Tomó de sobre la mesa el libro que contenía las cartas y, sin echarse nada encima salió de la habitación. Sus pasos no vacilaron. Nada crujió en el pasillo, ni las maderas del suelo ni la puerta. Se movía completamente en silencio.

Esperé dos minutos, examinando la medalla que había recibido: un disco de bronce mate que llevaba en un lado el relieve de una cabeza con una corona de laurel, como la de un emperador romano, y en el otro una muchacha ataviada con una túnica que abrazaba una urna sobre un adornado pedestal. Alrededor de la cabeza imperial había una inscripción que decía: Josef Xiaze Poniatowski. Alrededor de la muchacha con la túnica estaban las palabras que ya había oído aquella tarde: «Zyl dla oyczyzny, umarl dla slawy». ¿Poniatowski? ¿Qué es lo que sabía de él? Un mariscal napoleónico emparentado con el último rey de Polonia, un gran jefe miliar y un fracasado político al que Napoleón le negó la ansiada corona polaca. Bonaparte le engañó, no se restauró Polonia como nación, y hasta en el apresuradamente concebido Ducado de Varsovia, a Poniatowski solamente se le dio el ministerio de la guerra. Murió espléndidamente en una de las campañas napoleónicas, olvidado por el emperador, cuyo trono estaba empezando ya a tambalearse. No fue Bonaparte, sino sus propios compatriotas polacos los que habían acuñado esta medalla, inscribiéndola con las palabras «Vivió para su patria, murió por su honor». Esta medalla debía tener un gran atractivo para ciertos emigrantes polacos contemporáneos, pero no para mí. Era inexacta, falsa ¿Por qué honor? ¿De quién? También los traidores han muerto por su honor, incluso Eróstrato. Sonreí interiormente ante el sentimiento con el que se me había entregado la medalla. ¿Cuándo y cómo podía llegar a serme de utilidad?

Me la metí en el bolsillo y, sin echar una mirada a los cadáveres, salí de la habitación. La puerta de la calle estaba entreabierta, chirriando sobre sus goznes. Me encontré en una calle vacía, con el repiqueteo del agua sobre el asfalto y la amarillenta luz de las farolas brillando entre las gotas de lluvia. De nuevo corrí al otro lado de la calle, hasta el alero bajo el que se encontraba Leszczycki.

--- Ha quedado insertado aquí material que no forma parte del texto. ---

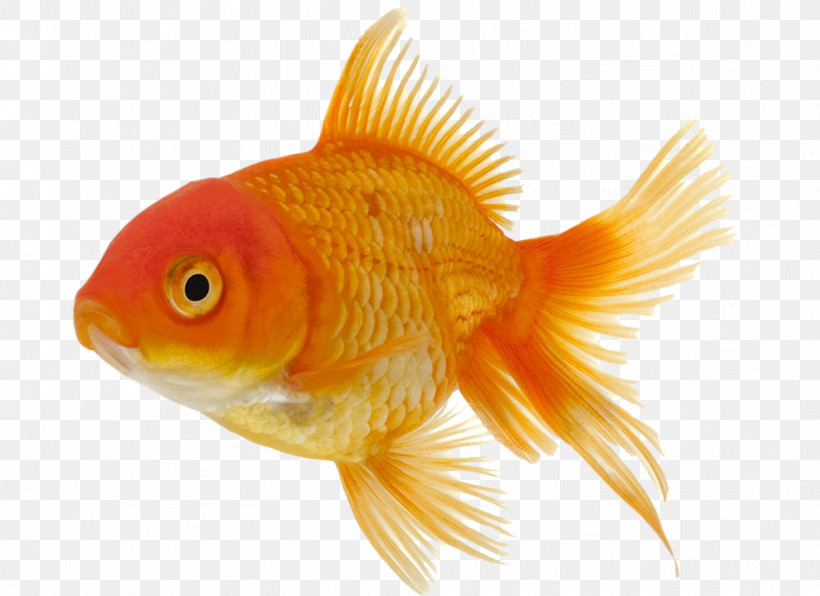 Fish Fish Goldfish Fin Feeder Fish, PNG, 989x720px, Fish, Bonyfish, Feeder Fish, Fin, Goldfish Download Free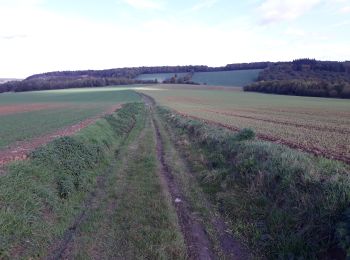 Tour Wandern Profondeville - bdv  lesves bioul arbre - Photo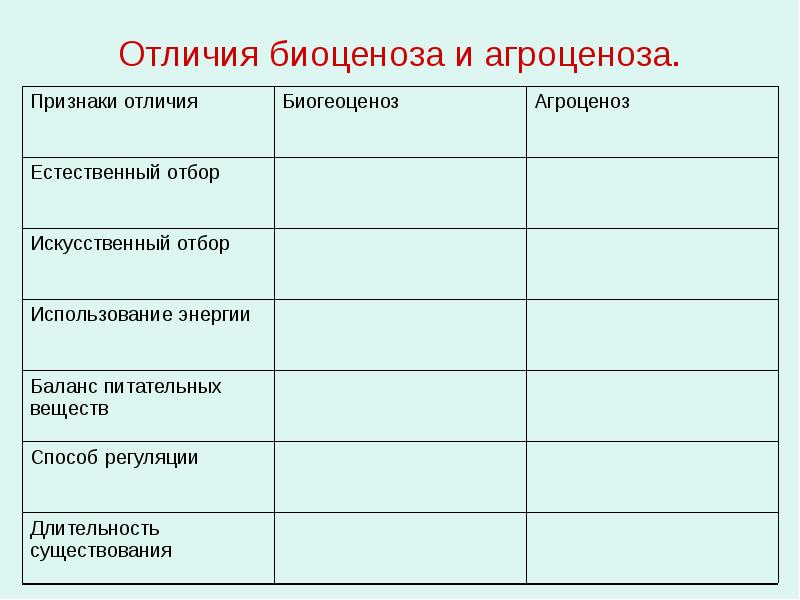 Биогеоценоз и агроценоз – что это такое и отличия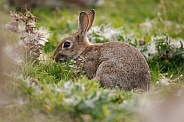 Wild Rabbit - Oryctolagus cuniculus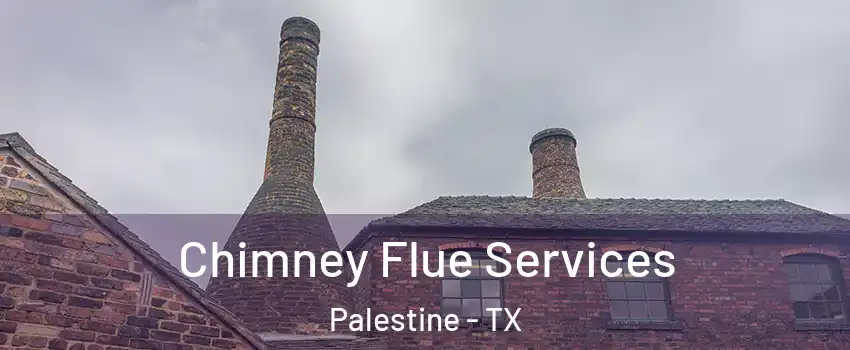  Chimney Flue Services Palestine - TX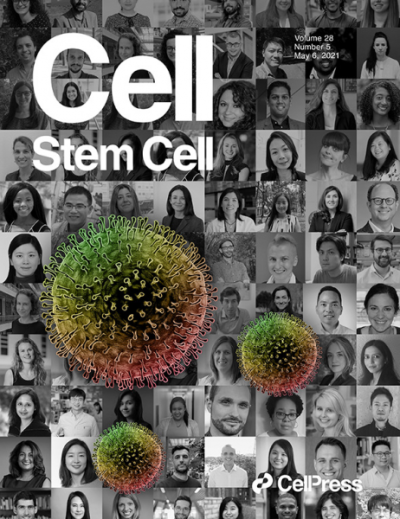 Cover Image_Cell Stem Cell_1.png 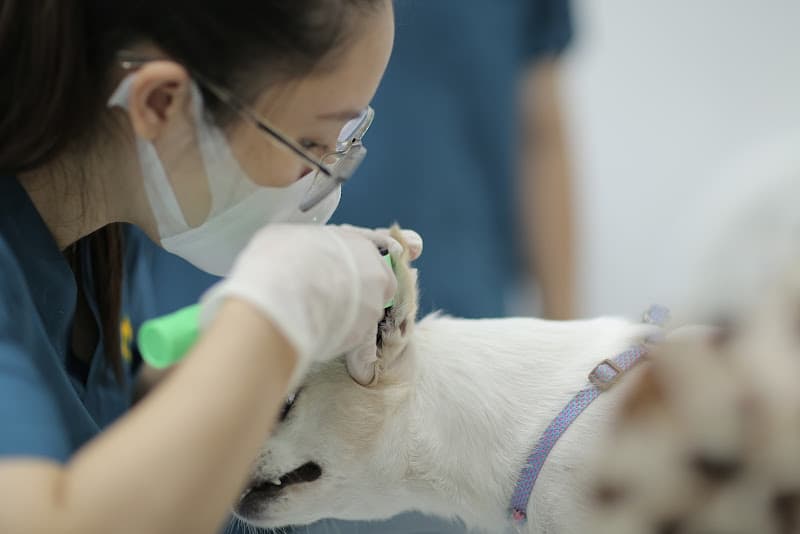 Ảnh bìa Bệnh Viện Thú Y Bắc Ninh Helios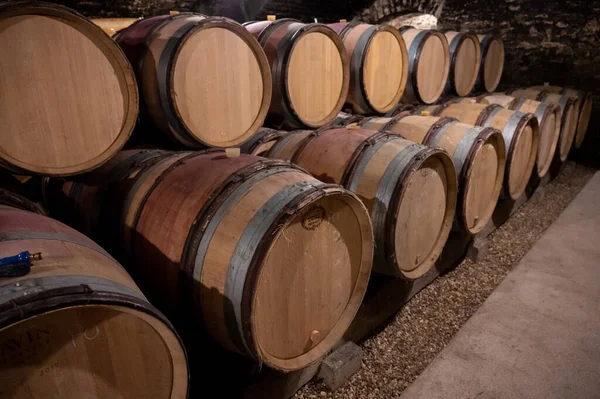 Stages Wine Production Fermentation Bottling Visit Wine Cellars Cote Burgundy — Stock Photo, Image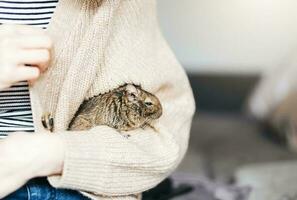 Jeune fille en jouant avec petit animal dègue écureuil. photo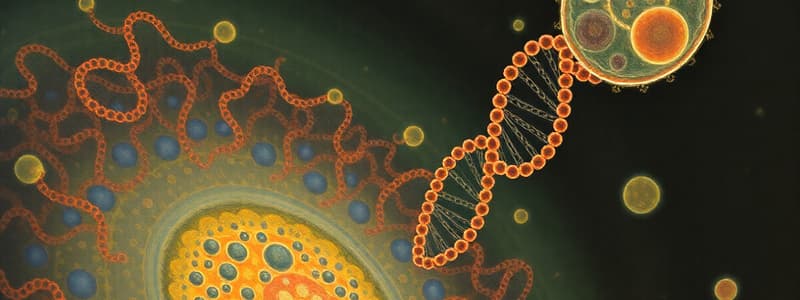 Cell Cycle and Nucleic Acids Overview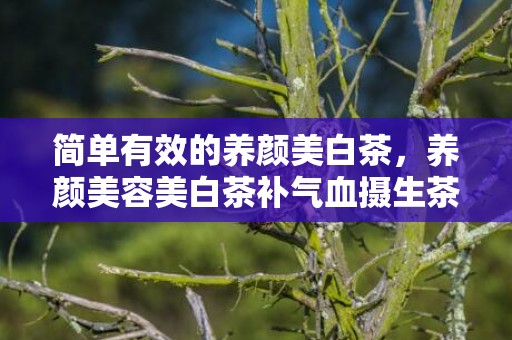 简单有效的养颜美白茶，养颜美容美白茶补气血摄生茶 养颜美容的花有哪些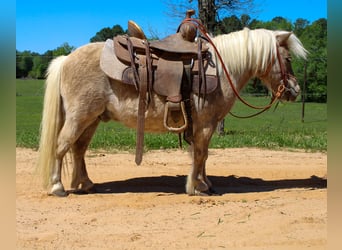 Más ponis/caballos pequeños, Caballo castrado, 9 años, 94 cm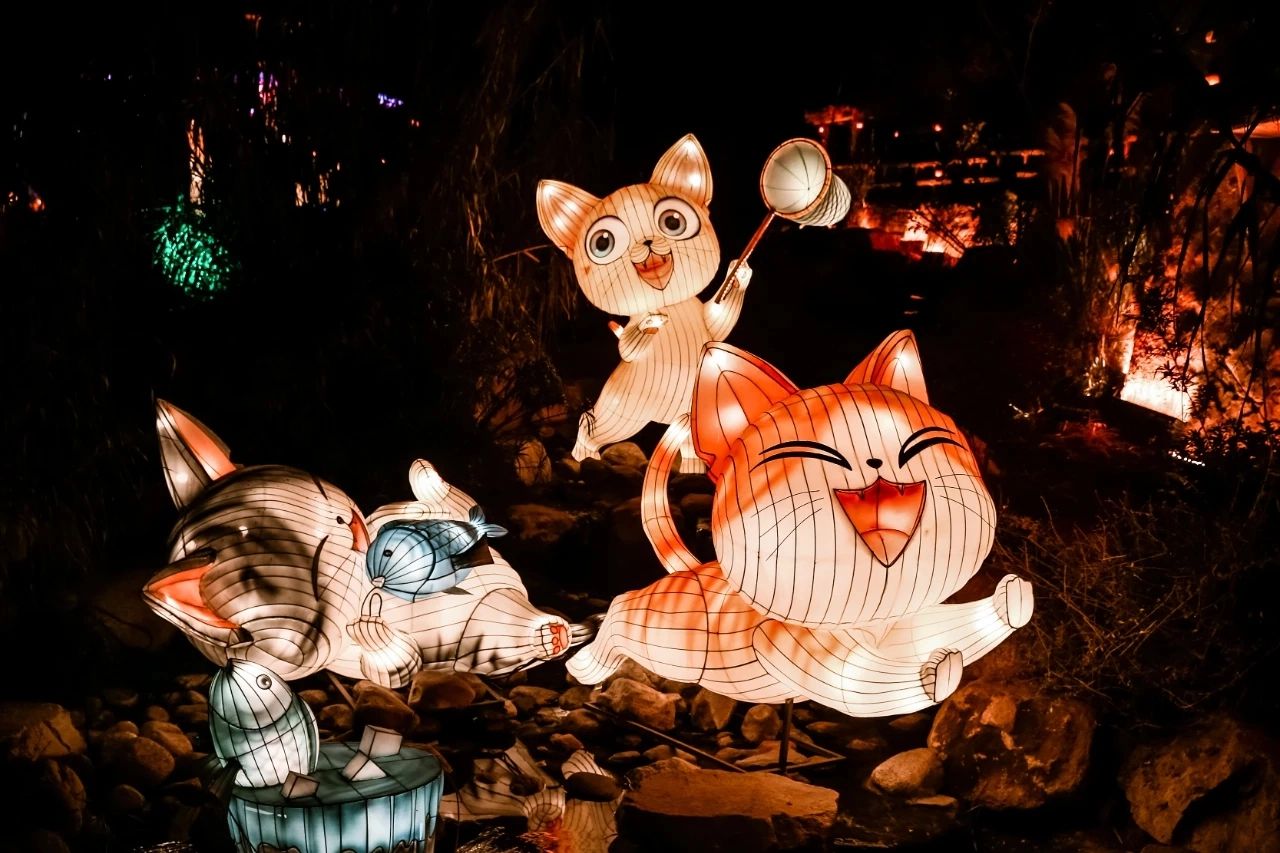 猫包围系列主题花灯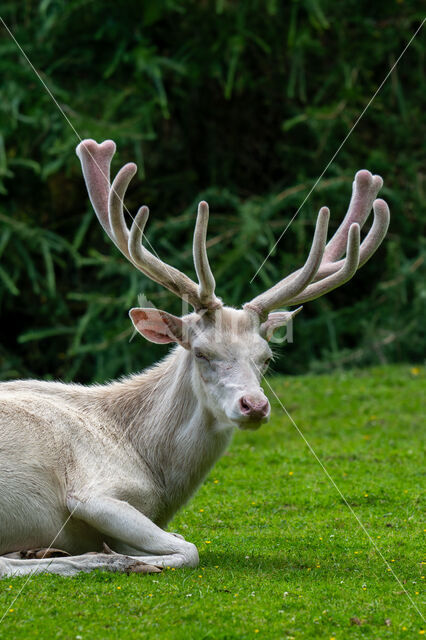 Red Deer (Cervus elaphus)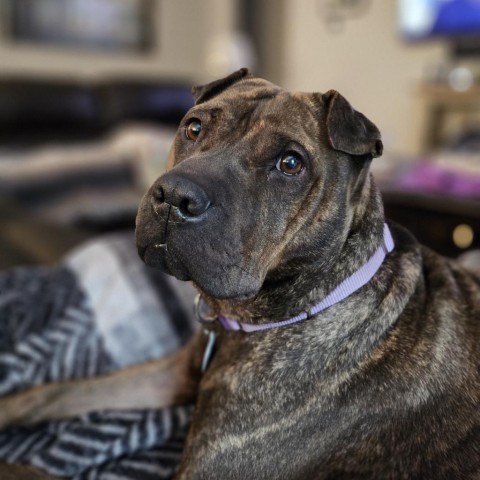 Cocoa Bean, an adoptable Shar-Pei in Idaho Falls, ID, 83402 | Photo Image 2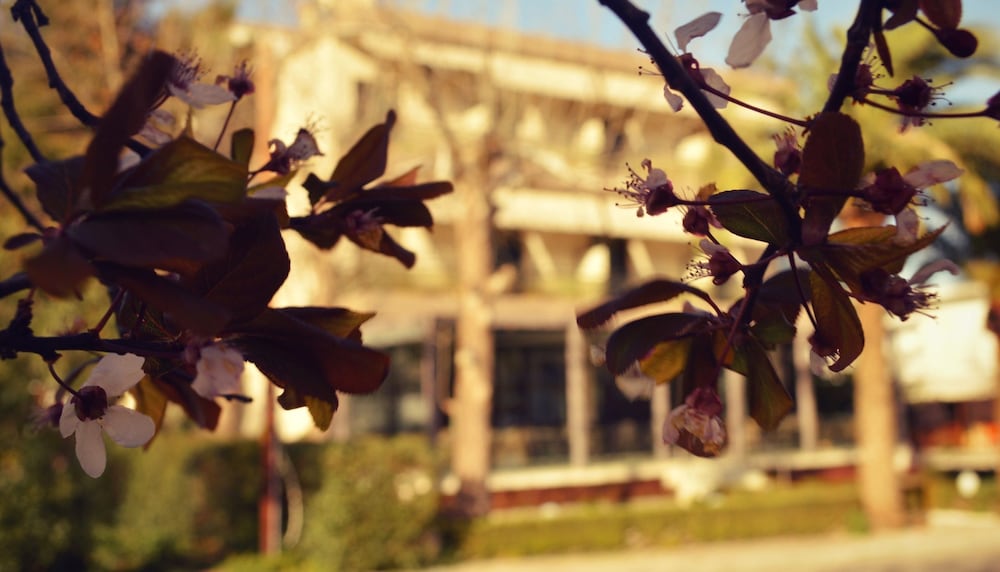 Фото Alexakis Hotel & SPA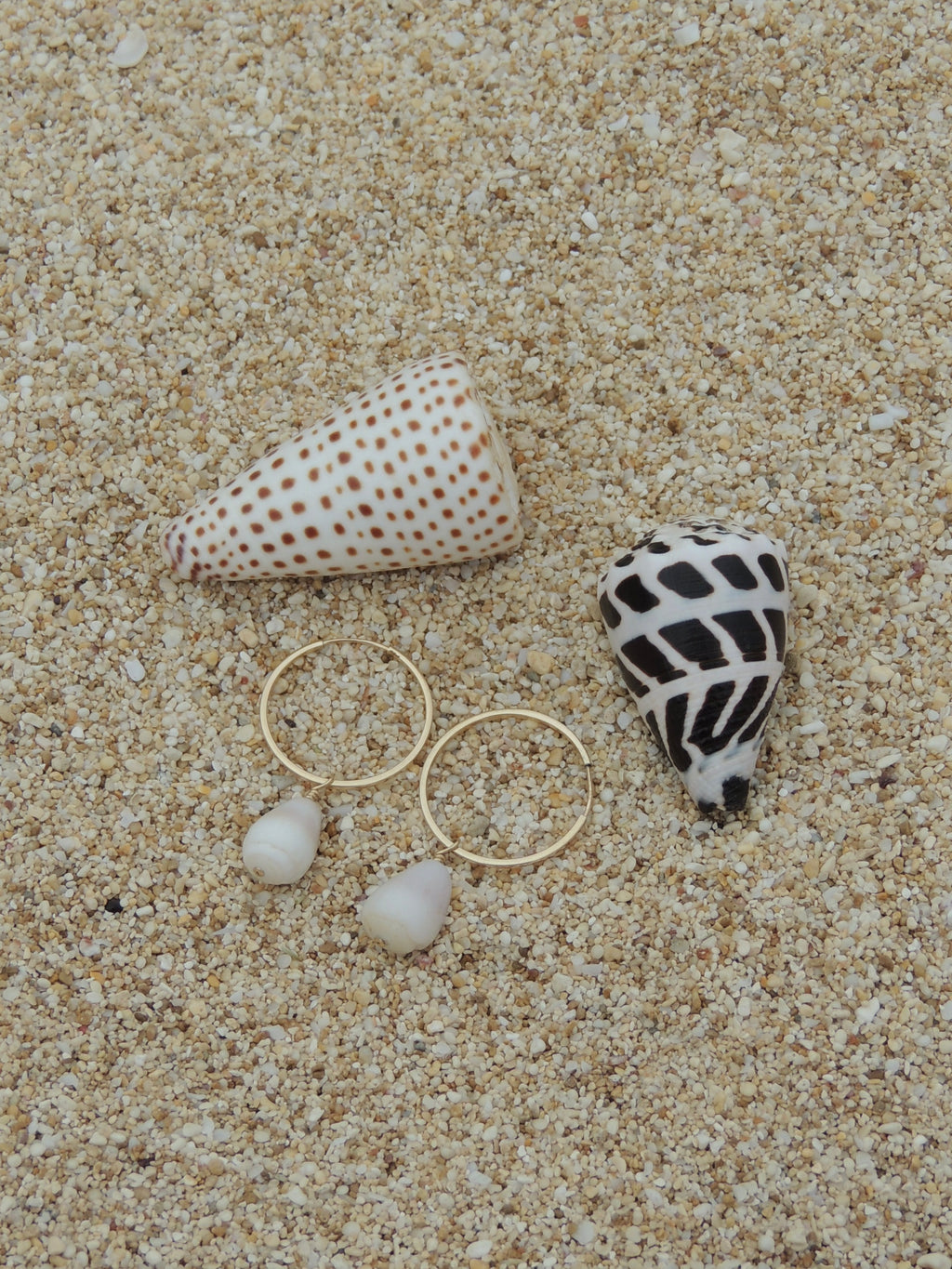 Cone Shell Hoops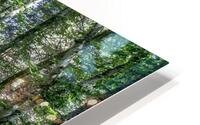 pathway in the forest HD Metal print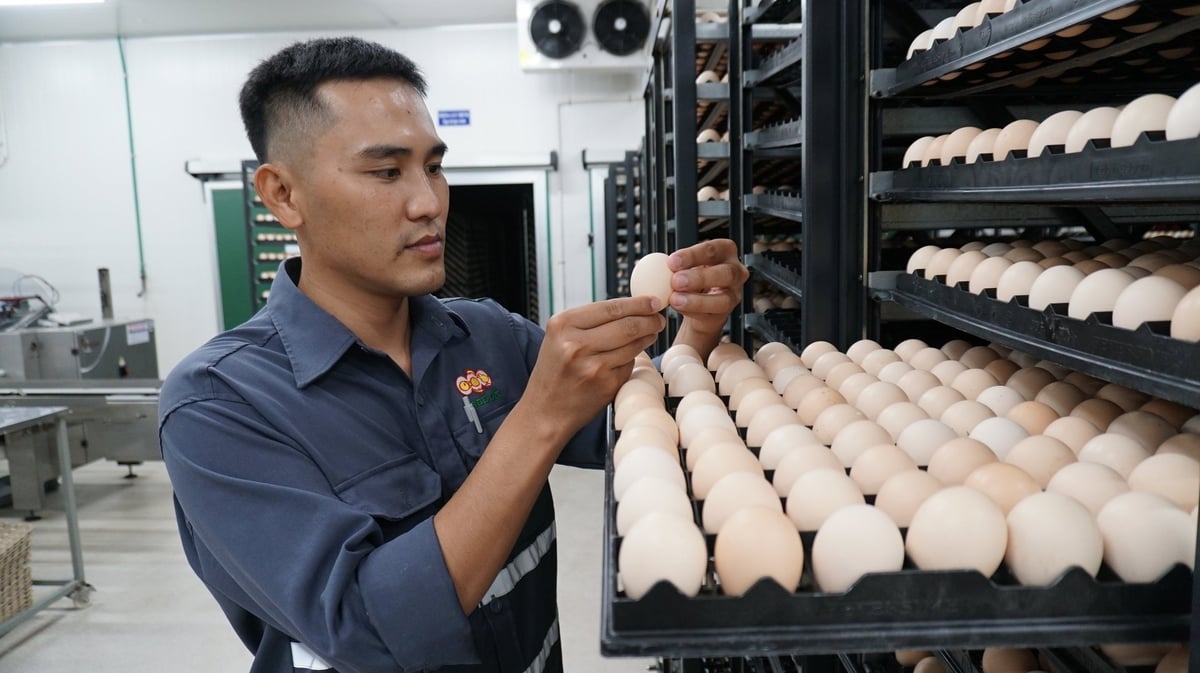 Anh Quảng tỉ mỉ kiểm tra từng quả trứng gà sau khi đưa vào máy. Ảnh: Trần Trung. Anh Quảng tỉ mỉ kiểm tra từng quả trứng gà sau khi đưa vào máy. Ảnh: Trần Trung.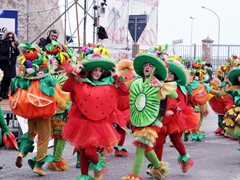 Sfilata carri e gruppi 2011, foto 271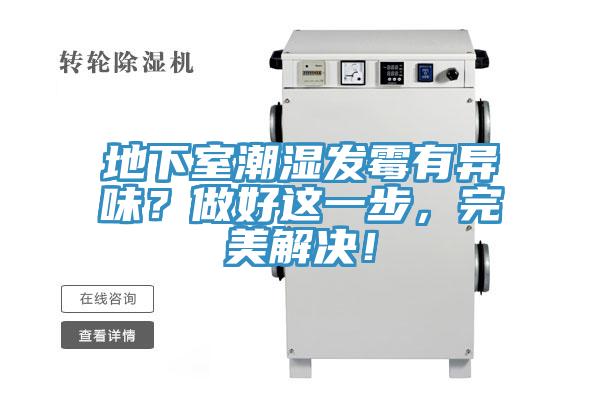 地下室潮濕發(fā)霉有異味？做好這一步，完美解決！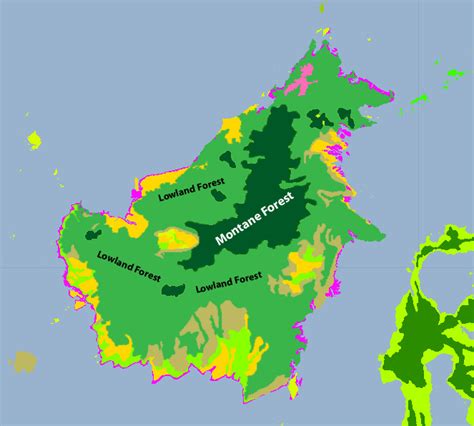 where is the borneo rainforest located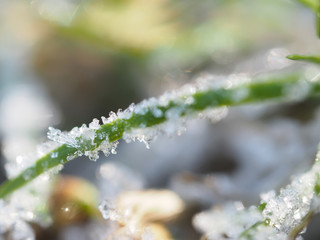 ice crystals on the plant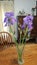 iris blooms and bud in crystal vase with domestic  scene background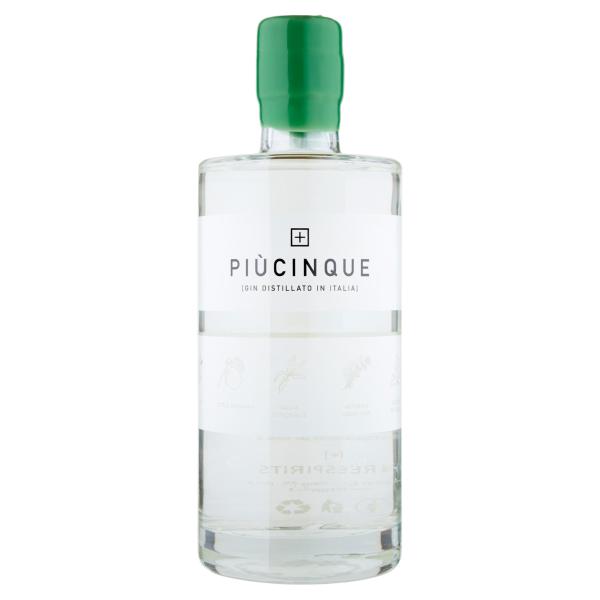 PIÙCINQUE GIN DISTILLATO IN ITALIA 70cl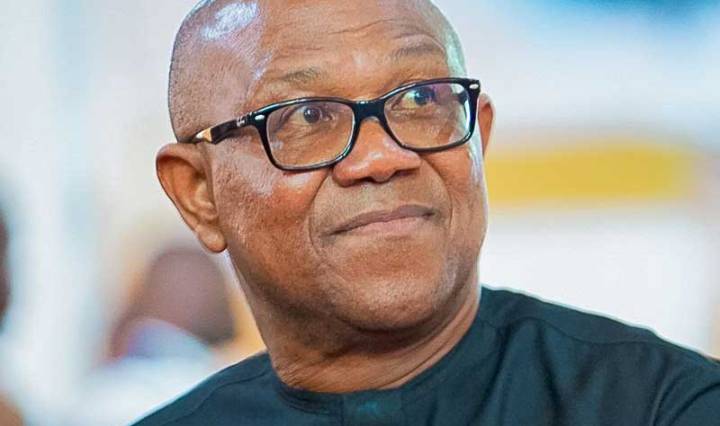 2027 presidency: Support Tinubu’s reelection – Factional Ohanaeze begs Peter Obi
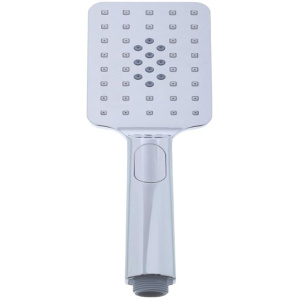 Душевая лейка Paini Ravenna RVCR155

Aún estaba allí, contemplando los chorros de agua que danzaban frente a una luz. Y de nuevo me pareció que la cortina de lluvia se duplicaba, como si yo fuera un hombre que lo ve todo doble tras sentirse sobrecogido por un vértigo.

Miré mi reloj: las diez menos cinco. ¡Qué extraordinario! Pero si al menos había pasado media hora con Ziga. Me llevé el reloj al oído. Seguía funcionando.

—Aún llueve —dijo Leszczycki sin mirarme—. Y no hay taxis.

—Allí hay uno. Vamos —dije, y me adelanté para parar al taxi mientras surgía de la oscuridad.

—Yo no voy —dijo, rehusando—. No me gustan los coches amarillos.

No traté de persuadirle. Subí al coche y le di la dirección al conductor. Éste es un mundo libre, que se quede ahí si quiere hasta calarse. Entonces lamenté no haber tomado su dirección, después de todo, era un hombre divertido. Pero pronto me olvidé de él. Dentro del coche se estaba caliente, la velocidad a la que viajábamos me amodorraba, y mis pensamientos comenzaron a hacerse confusos. Traté de recordar lo que había pasado antes de mi encuentro con Ziga y no pude. Alguien había disparado, alguien había atacado a alguien. Quizá Leszczycki me lo había estado contando y lo había olvidado. Me parecía que en realidad me había estado explicando algo. ¿Qué había sido? Algo le había pasado a mi memoria, tenía una especie de vacío, una niebla en mi mente. Sólo podía recordar el último cuarto de hora. Dos hombres habían sido asesinados por Ziga desde detrás de la cortina. Había sucedido ante mis ojos. Y yo, sin preocuparme en lo más mínimo, había pasado por encima de los cadáveres y había salido. Lo extraño era que el tiempo se estaba deteniendo desde el momento en que nos habíamos protegido bajo el alero, desde las diez menos cinco. Miré mi reloj. Ahora eran las diez. ¿Era posible que solamente hubieran pasado cinco minutos?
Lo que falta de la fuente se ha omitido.